4. Reducing technostress and information overload
Information overload is already a familiar term, and is rapidly being joined by technostress in describing that feeling of being overwhelmed by the technology we use at work. Anecdotally, many of us are familiar with having too many applications to keep open to get things done and too many emails to deal with. A poor technology experience can be immensely frustrating and, in the current pandemic, online meeting fatigue is also joining the party.
Technostress is most definitely a health and wellbeing issue.
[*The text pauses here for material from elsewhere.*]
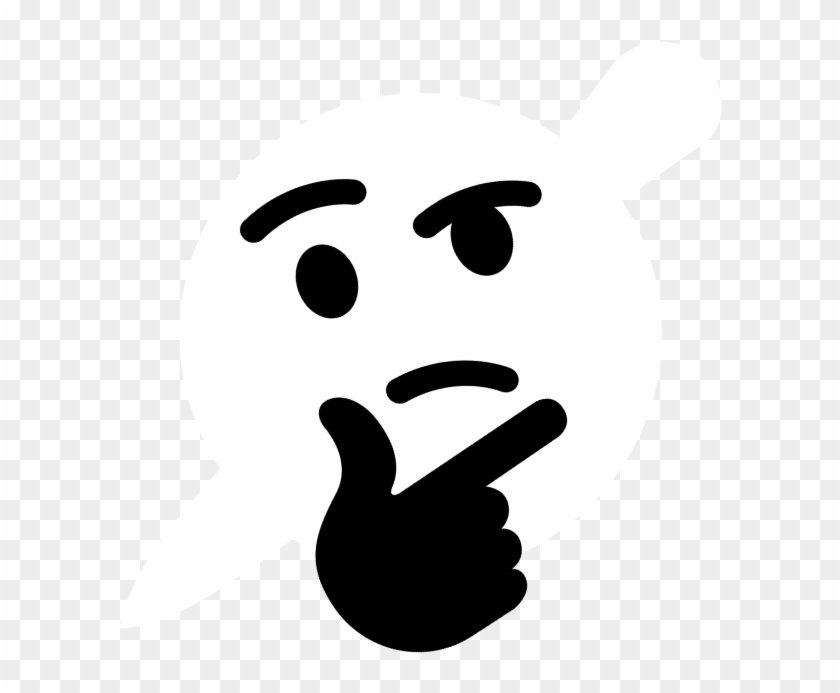 Thinkparty Discord Emoji - Thinking Emoji Black And White #450757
DWG’s Elizabeth Marsh, an expert on technostress, defines two kinds of overload – ‘Information & communication overload’ and ‘Application & feature overload’. Fundamentally, intranets are about helping employees get things done and complete tasks, and they can reduce the amount of information we need to consume and the apps we need to open through:
· Aggregating notifications from different systems to reduce email usage
· Providing clarity on process and procedures to remove ambiguity or Kafkaesque-level efforts to find one piece of information
· Reducing the need to visit other systems by integrating applications into the intranet to help self-service, such as incorporating the HR system to book annual leave
· Helping people reach the right apps quickly through links and single sign-on
· Facilitating discussions that reduce the need for lengthy email threads.
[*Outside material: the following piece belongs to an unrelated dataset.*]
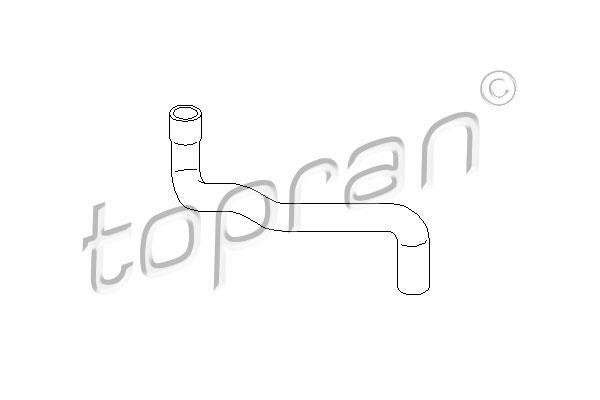 Купити 109 010 Topran Патрубок радіатора Polo (75 1.6, 90 1.8)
These might all sound modest, but collectively, an intranet can make a contribution to reducing the confusion and stress associated with information and app overload.
5. Health and wellbeing events and campaigns
During the pandemic, we’ve seen the rise of various wellbeing-focused events and campaigns, including everything from individual mindfulness sessions and virtual keep fit sessions through to fully blown wellbeing-themed weeks with multiple events. There have also been numerous awareness campaigns around mental health, financial wellbeing and more. The intranet plays a critical role here, often being used as the main digital communication channel for publicising such events.
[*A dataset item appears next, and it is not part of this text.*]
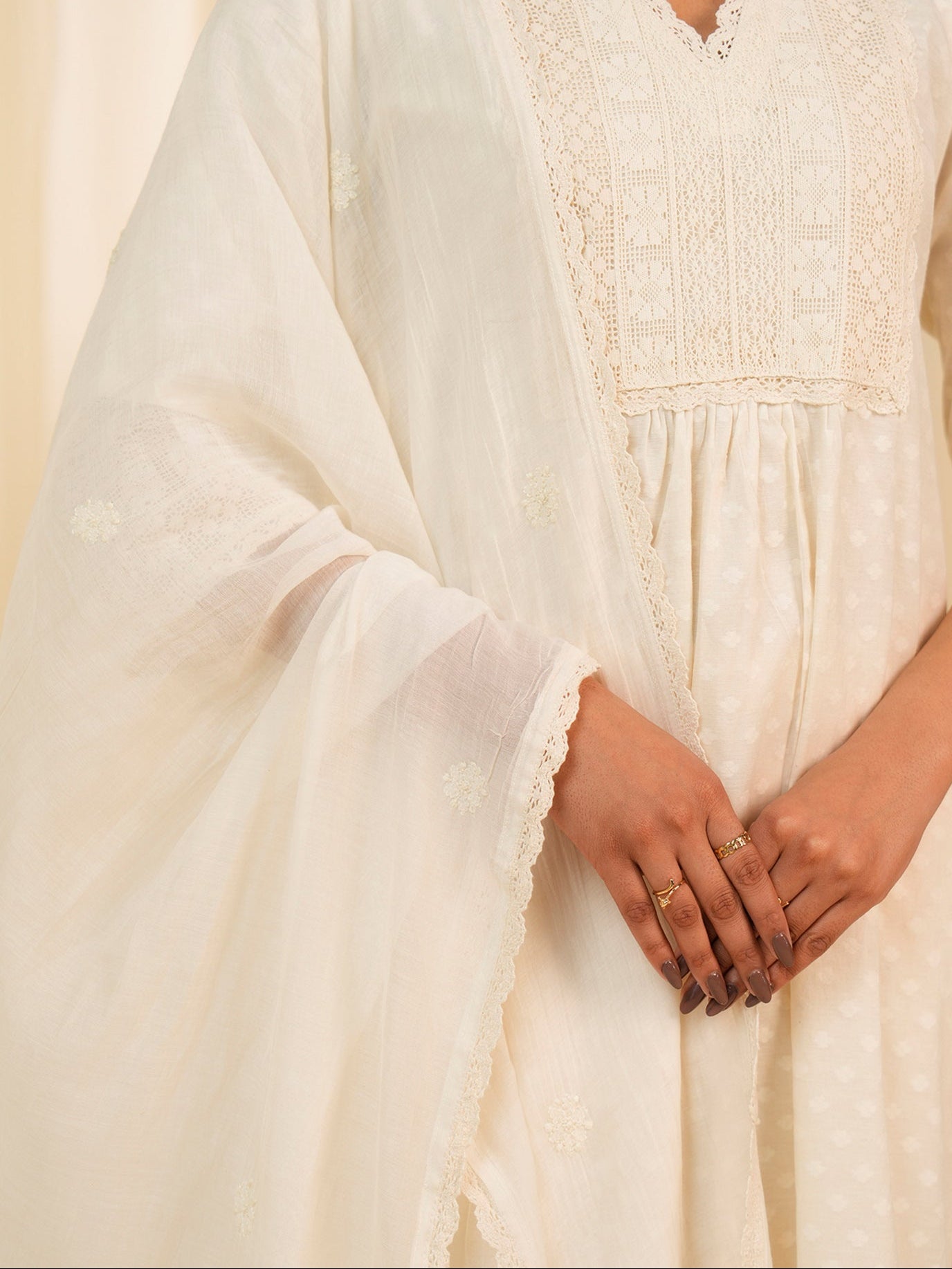 Tusker Chanderi Dupatta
6. Supporting flexible working
Before the pandemic, the ability to work remotely was often regarded as a way to support wellbeing, helping employees achieve a better balance between the demands of our life both within and outside work, especially for parents and carers, and reducing stress in the process.
The enforced remote working caused by lockdown has perhaps skewed our view of flexible working, but once we settle into regular hybrid working patterns, intranets will continue to support our ability to work from any location, reinforcing wellness and mental health. By providing the information and connections that underpin communication, collaboration and multiple processes, intranets will continue to be important.
Five actions for tomorrow
If you think your intranet could support health and wellbeing better, consider the following actions:
1. Speak to your health and wellbeing team to see if there is more you can do
2. Review your intranet strategy and roadmap to see how it can promote wellbeing
3. Speak to employees about how the intranet could support their wellbeing
4. Create a health and wellbeing hub or area on your intranet if you haven’t already done so
5. Make a series of small and regular iterative steps that focus on health and wellbeing.
Stay healthy and well!
Many intranet teams have already created areas to help employee wellbeing during the pandemic. Make sure your intranet supports health and wellbeing in the wider sense too, which will, in turn, help drive adoption and value.